The Conference Board’s Consumer Confidence Index dropped to a four-month low in September, weighed down by rising interest rates, still-high inflation and a stalemate over the federal budget in Washington.
The Index fell for a second consecutive month, dropping to 103 in September from an upwardly revised 108.7 the month before. According to Conference Board data, the Index is at its second-lowest level this year, landing just above May’s 102.5 reading. Analysts were expecting a smaller decrease to a reading of 105.
The Index measures Americans’ assessment of current economic conditions and their outlook for the next six months.
Based on consumers’ assessment of current business and labor market conditions, the Present Situation Index rose slightly to 147.1 from 146.7.
Based on consumers’ short-term outlook for income, business and labor market conditions, the Expectations Index declined to 73.7 in September after falling to 83.3 in August. Expectations fell below 80, which historically signals a recession within the next year.
Consumer fears of an impending recession also ticked back up, consistent with the short and shallow economic contraction The Conference Board anticipates for the first half of 2024.
“Consumer confidence fell again in September 2023, marking two consecutive months of decline,” said Dana Peterson, chief economist at The Conference Board. “September’s disappointing headline number reflected another decline in the Expectations Index, as the Present Situation Index was little changed. Write-in responses showed that consumers continued to be preoccupied with rising prices in general and for groceries and gasoline in particular. Consumers also expressed concerns about the political situation and higher interest rates. The decline in consumer confidence was evident across all age groups, and notably among consumers with household incomes of $50,000 or more.”
Peterson added, “Assessments of the present situation were little changed overall due to divergent views on the state of business conditions and job availability. Fewer consumers said that business conditions were good, but fewer also said they were bad. Regarding the employment situation, slightly more consumers said that jobs were “plentiful,” but also slightly more said that jobs were “hard to get.” When asked about current family financial conditions, a measure not included in calculating the Present Situation Index, the share of respondents citing a ‘good’ situation fell again, and those citing ‘bad’ conditions rose, signaling rising concerns about current family finances.
“Expectations for the next six months tumbled back below the recession threshold of 80, reflecting less confidence about future business conditions, job availability and incomes. Consumers may be hearing more bad news about corporate earnings while job openings are narrowing and interest rates continue to rise—making big-ticket items more expensive. Expectations for interest rates declined in September after surging in the prior month, but the outlook for stock prices continued to fall. Notably, average 12-month inflation expectations have held steady over the past three months despite ongoing complaints about higher prices. Still, the measure of the expected family financial situation six months hence (not included in the Expectations Index) worsened further.
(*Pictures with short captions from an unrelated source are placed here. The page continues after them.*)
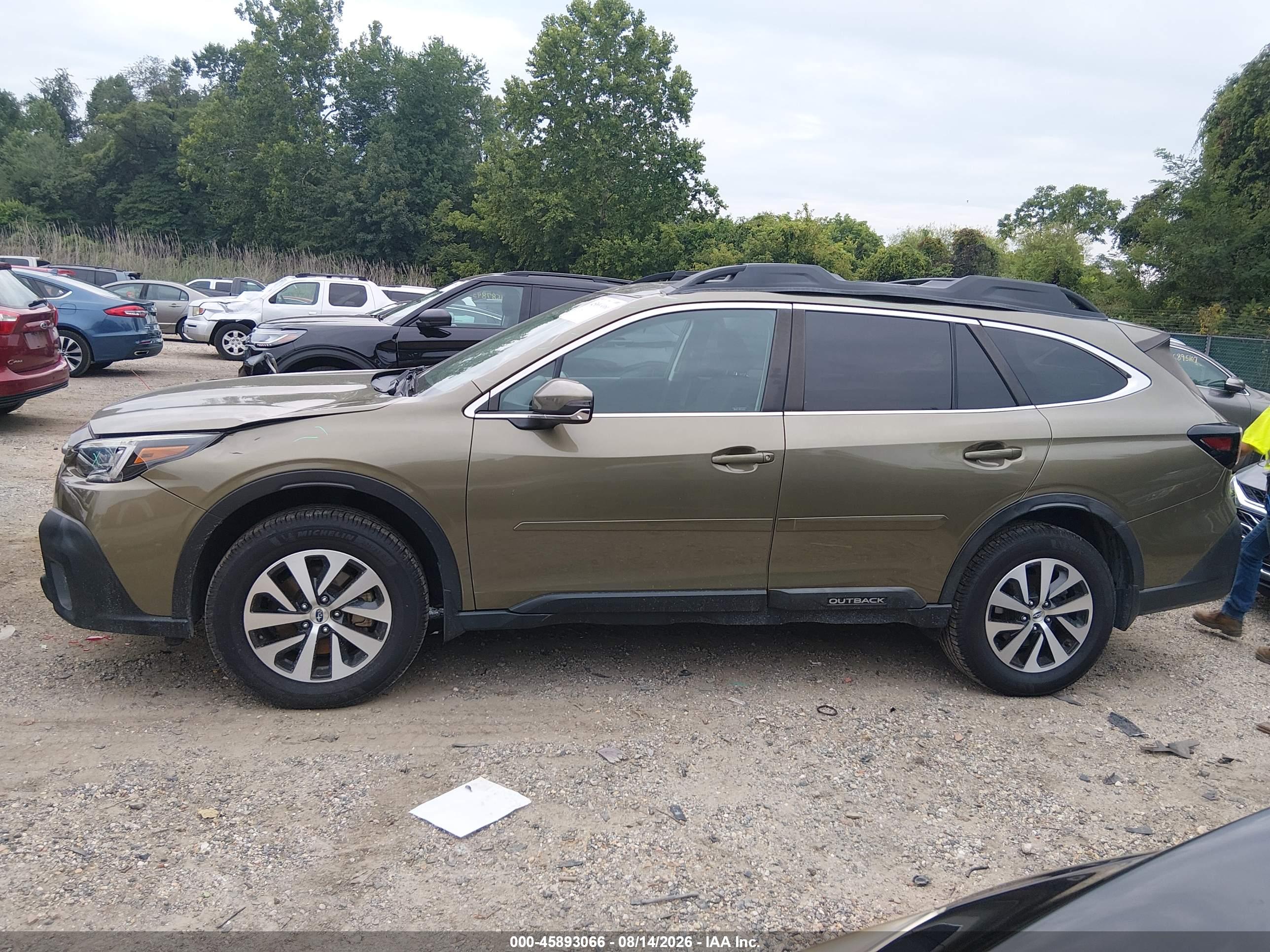 2020 SUBARU OUTBACK PREMIUM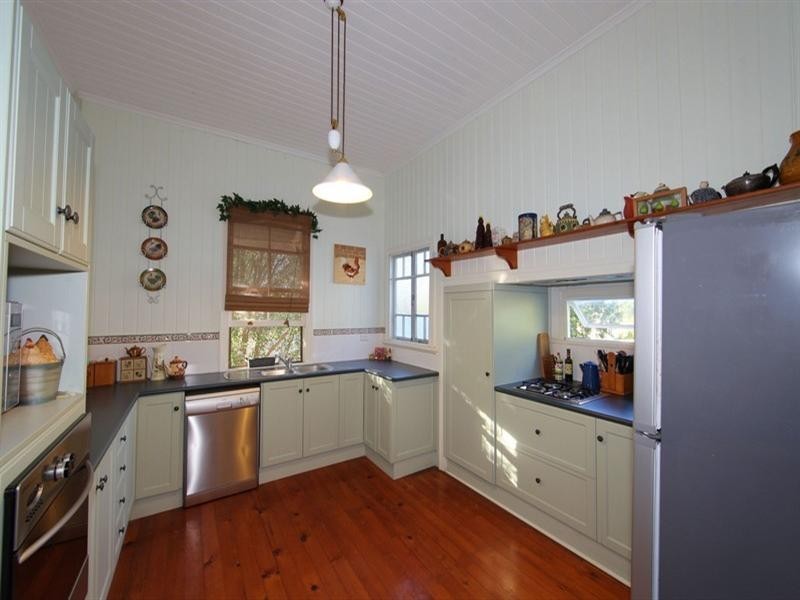 10 McIlwraith Street, Bundaberg South QLD 4670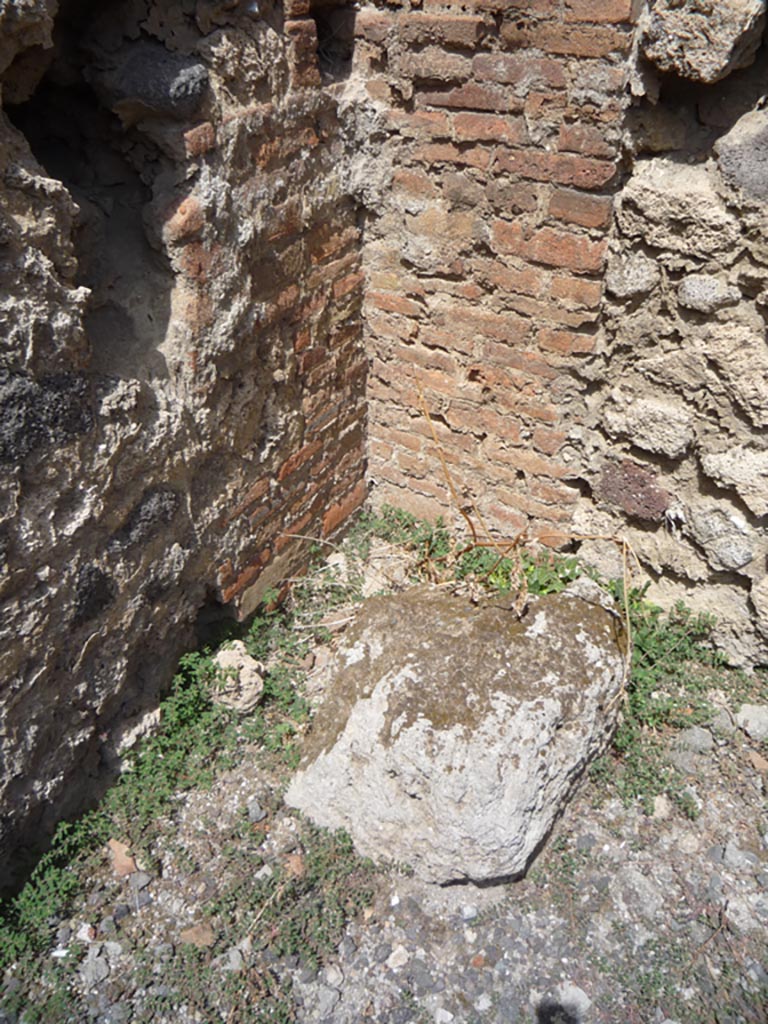 VII.1.36 Pompeii. October 2009. North-west corner of room on east side of entrance corridor.
Photo courtesy of Jared Benton.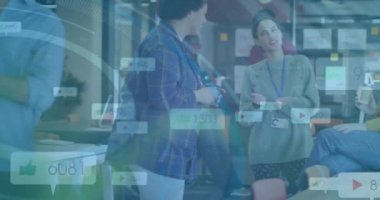 Ofiste toplanan çeşitli iş adamlarının veri işleme animasyonları. Küresel iş, finans ve dijital arayüz kavramı dijital olarak oluşturulmuş video.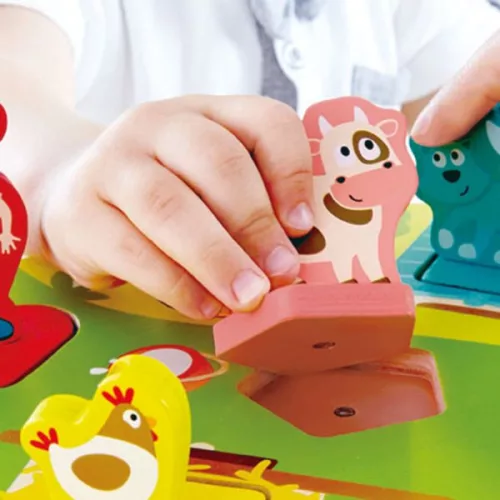 Hape Állatok a farmon - formaillesztő, hangzó puzzle 12 hó+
“The proportion of consumers saying recession is ‘somewhat’ or ‘very likely’ rose in September after dropping in August. The fluctuating soundings likely reflect ongoing uncertainty given mixed buying plans. On a six-month moving average basis, plans to purchase autos were flat but remained at an elevated level, while plans to purchase appliances continued to trend upward. But plans to buy homes—more in line with rising interest rates—continued to trend downward.”